While considerable attention is paid to the issue of drunk driving among teens, law enforcement agencies report that speeding is the leading cause of motor vehicle crashes involving teen drivers. Allstate’s study found that law enforcement identified speeding as a factor in 34% of motor crashes nationwide, while alcohol was cited in just 12% of crashes.
In addition to the risk teens take when driving or when riding in a vehicle with other teens, teens suffer when a member of their peer group dies in a motor vehicle crash, particularly when they suffer multiple losses from crashes such as the example at the beginning of this article. Because of the feeling of invincibility that is characteristic of this age group, teens typically have not considered the deaths of people their age a possibility, so when such a thing occurs, their world may seem to be crashing down around them. This means that even teens who were not particularly close to the person who died can be stunned by their reaction to it. Due to their level of psychological maturity, teens are ill-equipped to understand the grieving process and may be overwhelmed by feelings of being out-of-control, insecure, and scared, in addition to sorrow and grief. They may descend into melancholy that lasts years, greatly affecting their development. Some teens numb their feelings by participating in high-risk activities such as:
- Alcohol and drug abuse
- Reckless sexual activity
- Withdrawal from family and friends
- Taking risks involving motor vehicles
Depending on the loss, some teens experience a change in their circle of friends. Obviously, this can have positive or negative results, but regardless, it is another change in a rapidly changing world for the teen. Teens who lose friends to death may see their grades drop and their focus change as they struggle to fit into a new group of friends at a time when they feel especially vulnerable.

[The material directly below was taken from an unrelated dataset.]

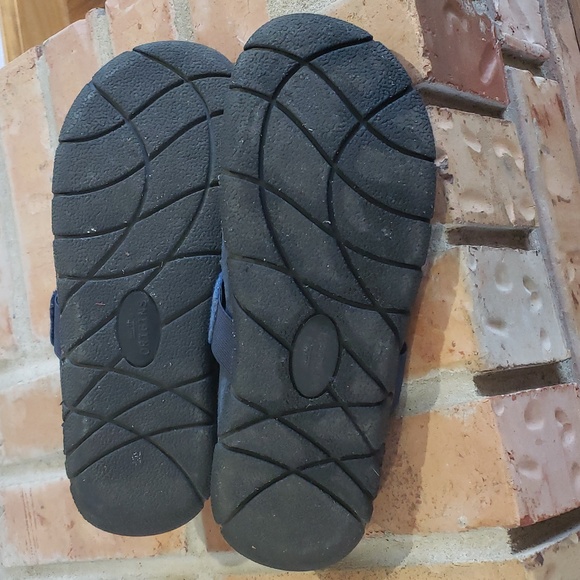 Earth Origin Clogs - Picture 5 of 5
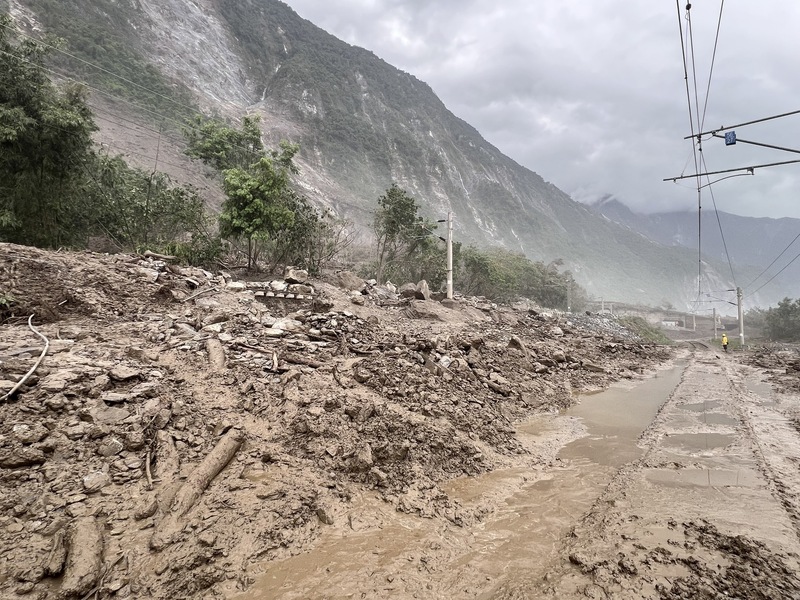 受颱風凱米影響，花蓮往台北方向鐵公路因土石流中斷，台鐵北迴線（和仁=崇德間）有多處落石坍方，持續清除中。 （交通部提供） 圖／中央社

Parents and other authority figures can help teens channel their grief in healthier ways by:
- Being available to listen – not, necessarily, to talk
- Allowing teens the freedom to process their grief with others, such as friends, extended family, and professional counselors
- Encouraging teens to express themselves through writing, drawing, and memorializing their deceased friends
- Realizing that the teens’ mourning process may be prolonged and letting teens know that there is no timetable for grief
Though the federal government, state governments, and community-based organizations are making efforts to reduce the number of teens who die in motor vehicle crashes, the statistics above indicate that there is still much work to be done. Forty-six states and the District of Columbia have three-stage Graduated Driver Licensing (GDL) programs in which restricted licenses are issued to beginning teen drivers, with the restrictions reduced over time. However, no state has incorporated all of the GDL components recommended by the Insurance Institute for Highway Safety, the National Transportation Safety Board, and NHTSA.
State-level programs that include peer-to-peer teaching and learning about driver safety are effective in reducing teen motor vehicle crash rates. Texas’ Teens in the Driver Seat is one such program; teen crash deaths have dropped 32% and the number of teen drivers involved in fatal motor vehicle crashes is down 33% since the program began. A similar program in Illinois called Operation Teen Safe Driving has helped achieve a 10% reduction in teen motor vehicle fatalities in Illinois during the first seven months of 2009. Mothers Against Drunk Driving (MADD), Students Against Destructive Decisions (SADD) and other advocacy groups sponsor many public education campaigns to persuade teens not to drive under the influence of alcohol or drugs.